→ Work instruction
Reproduce the listing below in full and exactly; no pictures belong in the copy.

→ Data below
↓↓↓
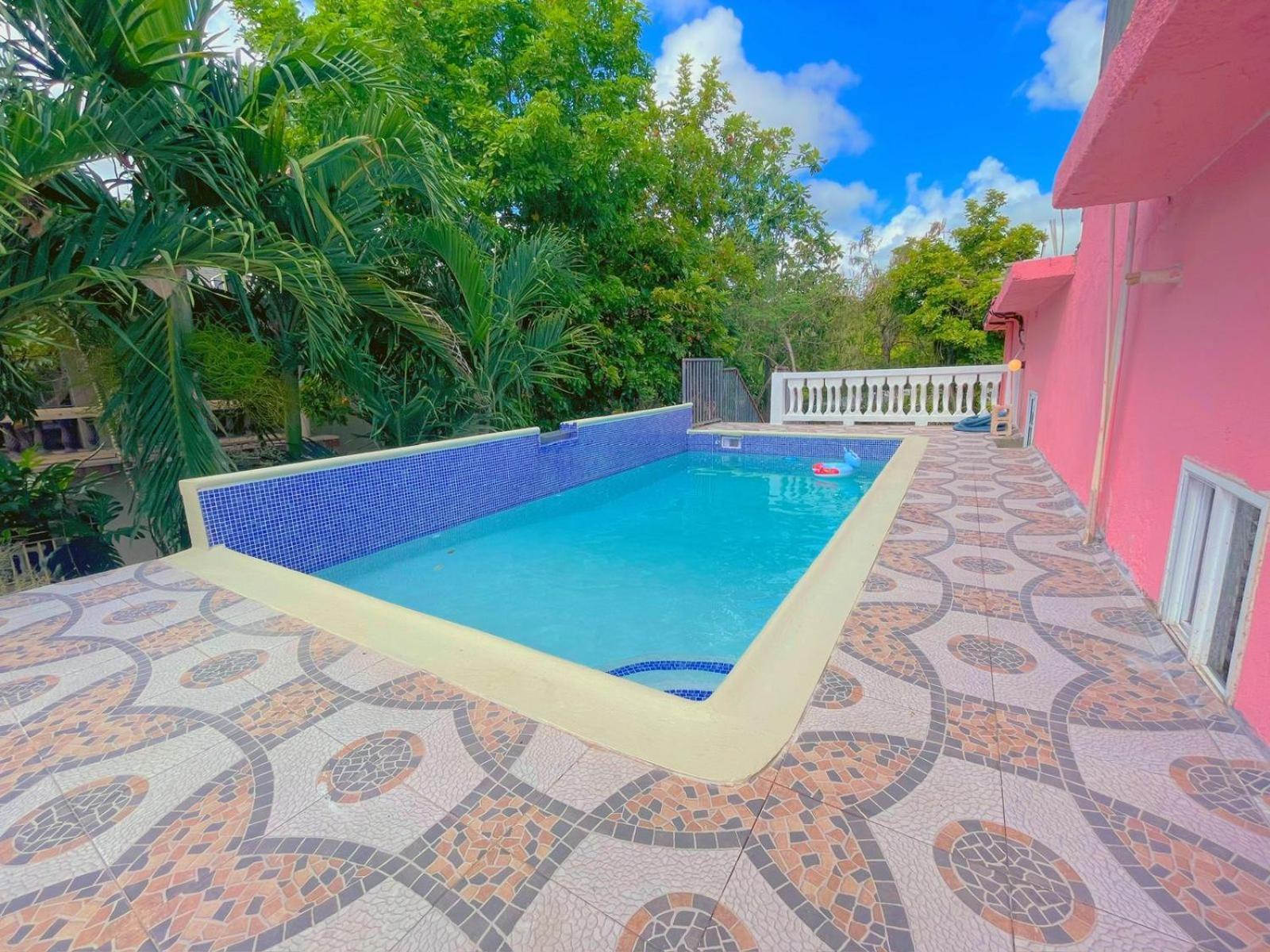 A Taste Of Jamaica Lavern'S Place Ocho Rios Exterior foto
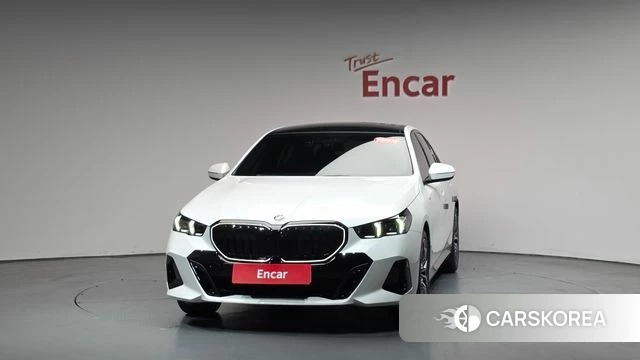 BMW 5 Series (G60) id 4229715 из Кореи 12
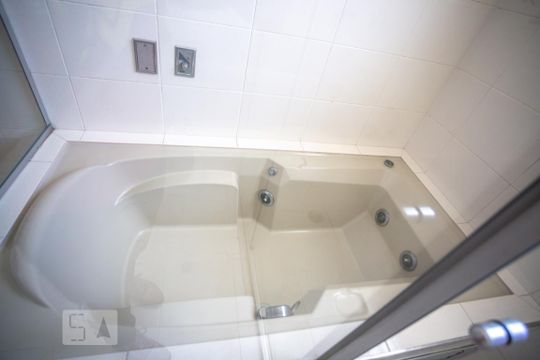 Banheira de casa à venda com 3 quartos, 398m² em Taboão, São Bernardo do Campo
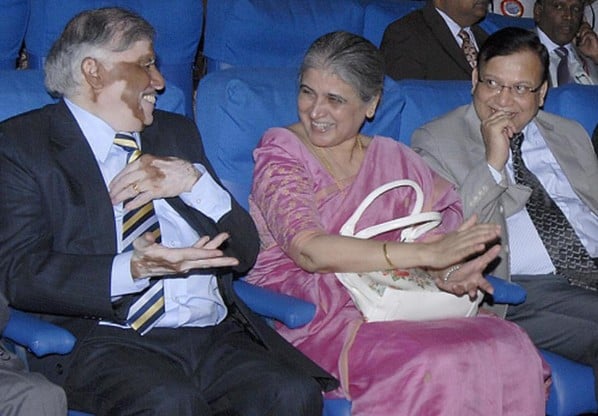 Ranjana Desai (middle) with P. Sathasivam (left)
↑↑↑
→ Task answer
 A Taste Of Jamaica Lavern'S Place Ocho Rios Exterior foto
 BMW 5 Series (G60) id 4229715 из Кореи 12
 Banheira de casa à venda com 3 quartos, 398m² em Taboão, São Bernardo do Campo
 Ranjana Desai (middle) with P. Sathasivam (left)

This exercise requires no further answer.